_WHAT TO WORK ON_. Verbatim copy, pictures excluded: every line from the one with "Ключ накидной усиленный, 24" through the final line of the data below, and no other line.

Web page caption snippets:
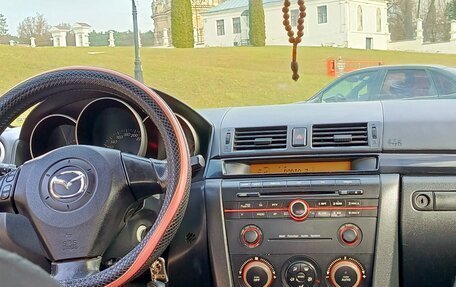 Mazda 3, 2005 год, 590 000 рублей, 12 фотография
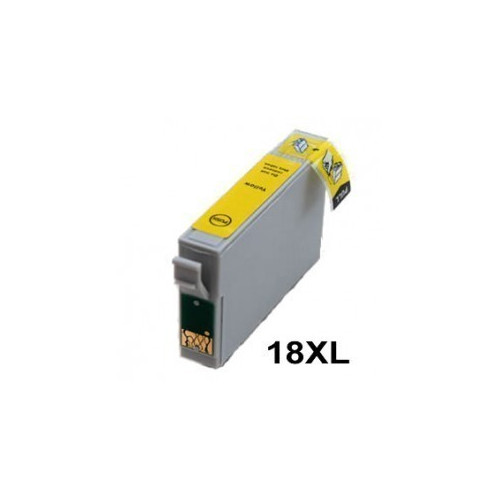 Tinta Epson T1804 žuta/yellow zamjenski
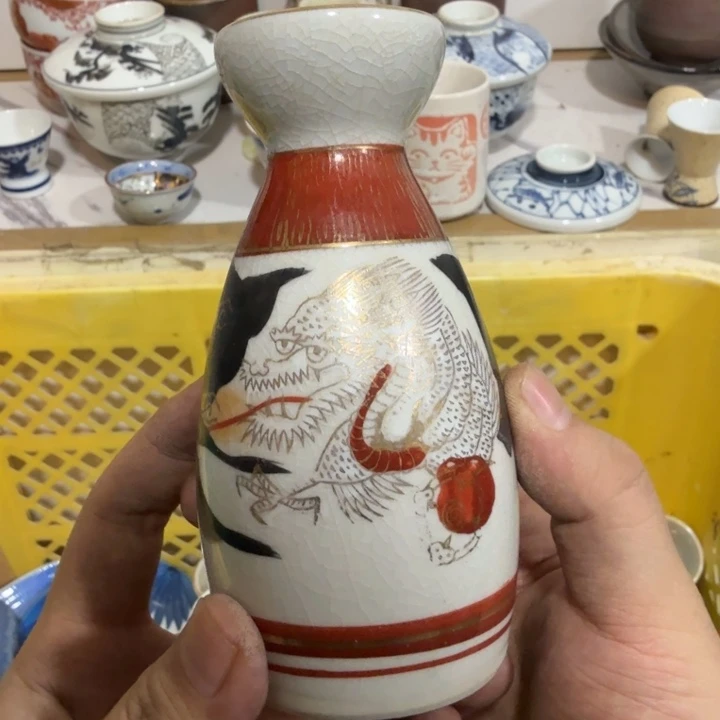 陶瓷推荐第二名20包邮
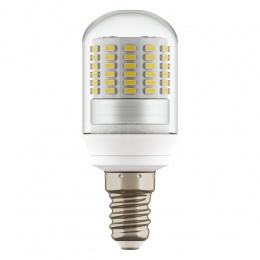 Лампа LED T35 E14 9W 220V 4000K 360G CL Lightstar 930704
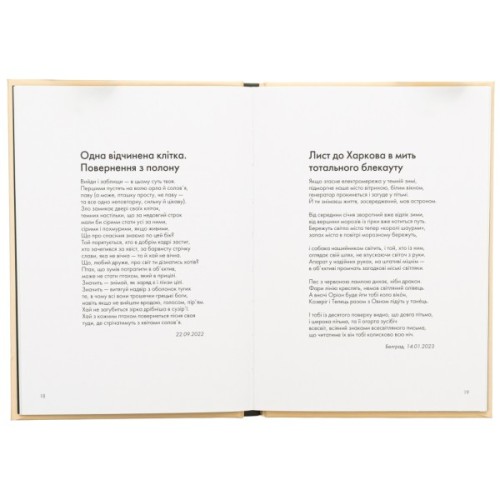 Книга Сили безплотні, людські й безпілотні - Ганна Яновська Жорж (9786178023898)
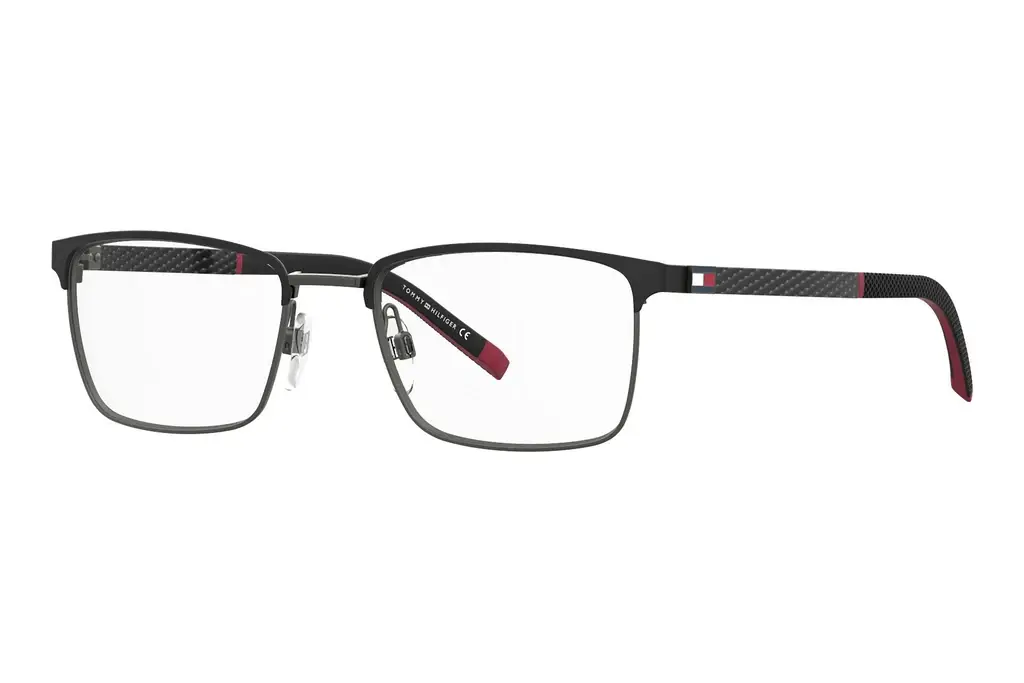Tommy Hilfiger   TH 1919 003 SCHWARZ
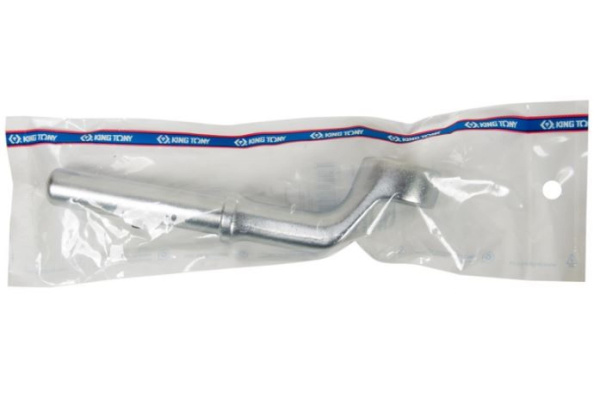 Ключ накидной усиленный, 24 мм KING TONY 10C0-24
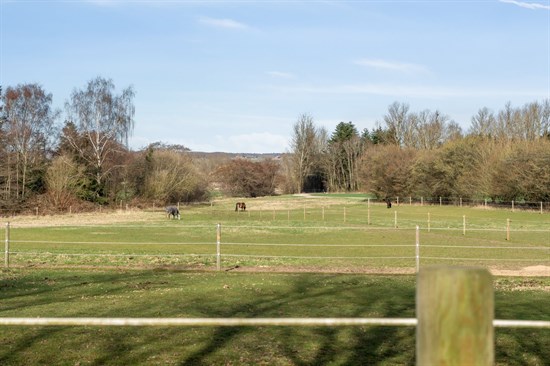 Landejendom - Egå Mosevej 97, Egå - Visning 2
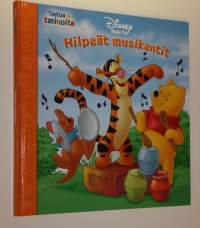 Hilpeät musikantit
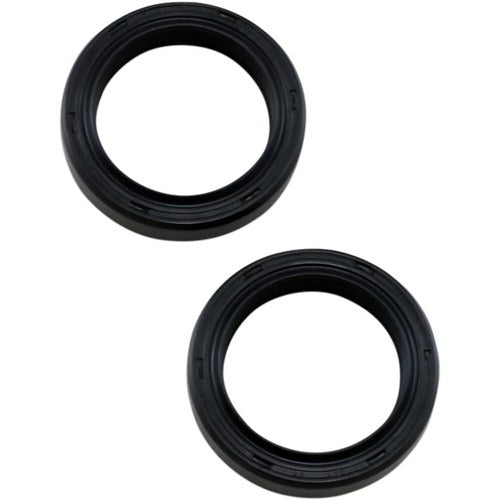Parts Unlimited Fork Seals - 35 mm ID x 47 mm OD x 10 mm T | PUP40FORK455029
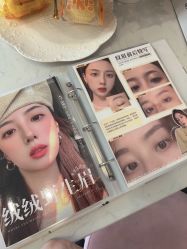 点击看大图 -Four Seven·半永久纹眉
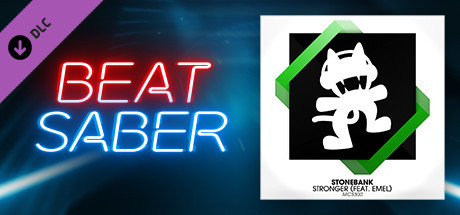 Beat Saber - Stonebank - "Stronger (feat. Emel)"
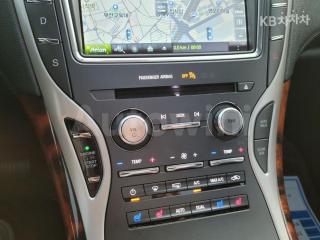 2017 LINCOLN MKX 2.7 AWD BASIC - 9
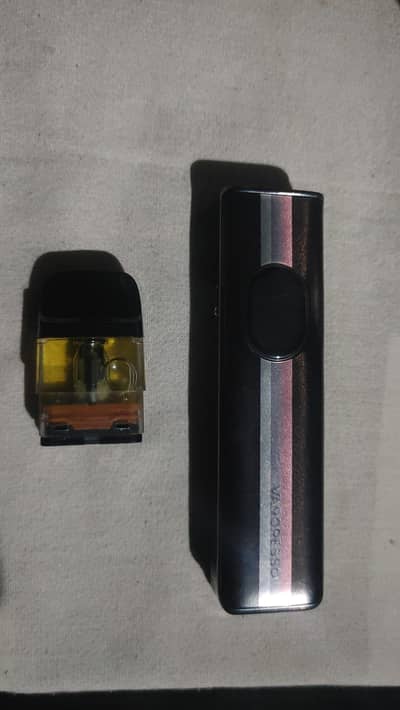 Xros 5 Pod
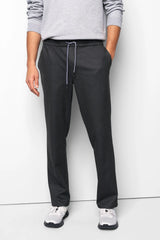 MEYER M5 Loose 6510 Flex Joggers - Easy Care Recycled Fibre - Charcoal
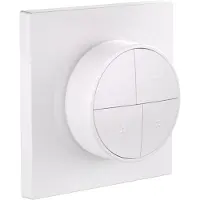 Sonoff Smart trådlös ZigBee-knapp SNZB-01M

_EXERCISE OUTPUT_.
 Ключ накидной усиленный, 24 мм KING TONY 10C0-24
 Landejendom - Egå Mosevej 97, Egå - Visning 2
 Hilpeät musikantit
Parts Unlimited Fork Seals - 35 mm ID x 47 mm OD x 10 mm T | PUP40FORK455029
 点击看大图 -Four Seven·半永久纹眉
 Beat Saber - Stonebank - "Stronger (feat. Emel)"
 2017 LINCOLN MKX 2.7 AWD BASIC - 9
 Xros 5 Pod
 MEYER M5 Loose 6510 Flex Joggers - Easy Care Recycled Fibre - Charcoal
 Sonoff Smart trådlös ZigBee-knapp SNZB-01M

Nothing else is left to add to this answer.